─── Records
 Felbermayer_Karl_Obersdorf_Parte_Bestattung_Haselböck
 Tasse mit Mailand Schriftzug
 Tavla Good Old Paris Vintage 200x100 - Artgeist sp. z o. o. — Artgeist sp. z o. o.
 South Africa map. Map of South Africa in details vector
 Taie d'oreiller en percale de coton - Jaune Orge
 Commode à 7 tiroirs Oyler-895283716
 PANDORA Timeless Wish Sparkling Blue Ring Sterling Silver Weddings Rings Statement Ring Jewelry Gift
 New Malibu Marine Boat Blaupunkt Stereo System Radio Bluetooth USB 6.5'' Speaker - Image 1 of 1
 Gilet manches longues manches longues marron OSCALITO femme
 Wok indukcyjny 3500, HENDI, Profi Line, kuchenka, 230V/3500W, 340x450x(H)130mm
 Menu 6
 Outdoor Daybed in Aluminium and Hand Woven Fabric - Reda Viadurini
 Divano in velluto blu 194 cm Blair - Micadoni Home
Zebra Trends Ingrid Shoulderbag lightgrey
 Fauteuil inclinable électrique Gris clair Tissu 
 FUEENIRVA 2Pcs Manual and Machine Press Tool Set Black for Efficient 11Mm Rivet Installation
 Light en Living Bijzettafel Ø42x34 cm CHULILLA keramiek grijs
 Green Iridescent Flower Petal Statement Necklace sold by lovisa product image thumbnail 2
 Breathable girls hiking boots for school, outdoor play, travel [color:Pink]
──────
- _What to do_:
The answer consists only of the lines from the one containing "Light en Living" to the end of the records, each written out exactly.

- _Task answer_:
 Light en Living Bijzettafel Ø42x34 cm CHULILLA keramiek grijs
 Green Iridescent Flower Petal Statement Necklace sold by lovisa product image thumbnail 2
 Breathable girls hiking boots for school, outdoor play, travel [color:Pink]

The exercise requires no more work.